### [YOUR ASSIGNMENT]
The answer should be the exact lines from the line containing "Blue Stripe Snap" through the last line of the material below, with no pictures.

### [GIVEN INFORMATION]
^^^^^^^^
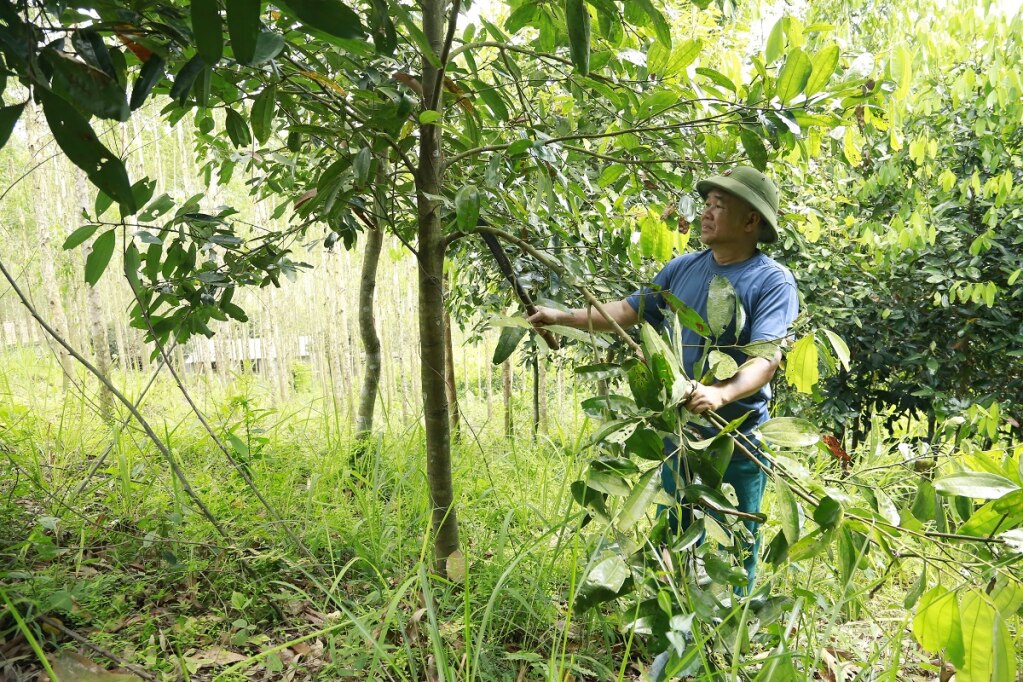 Mô hình trồng keo đem lại hiệu quả kinh tế cao của đảng viên Nình A Kun, xã Đại Dực, huyện Tiên Yên.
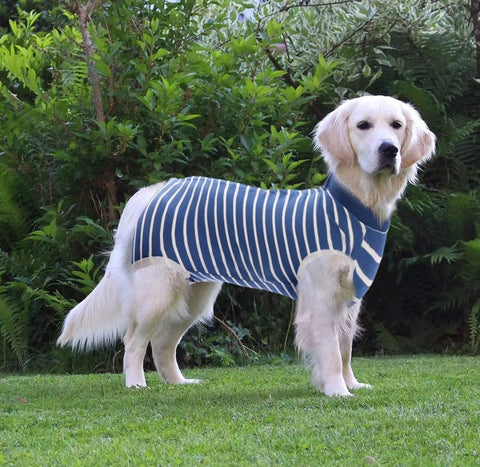 Blue Stripe Snap Button Dog Recovery Surgical Suits - Mastitis & Weaning - Small to Larger Dogs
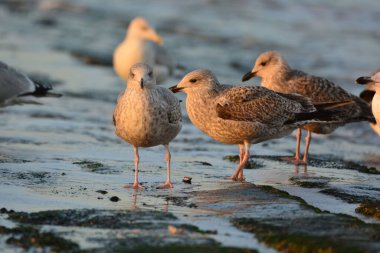 Deniz kıyısına tünemiş bir martı sürüsünün yakın çekimi.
^^^^^^^^
### [WRITTEN ANSWER]
 Blue Stripe Snap Button Dog Recovery Surgical Suits - Mastitis & Weaning - Small to Larger Dogs
 Deniz kıyısına tünemiş bir martı sürüsünün yakın çekimi.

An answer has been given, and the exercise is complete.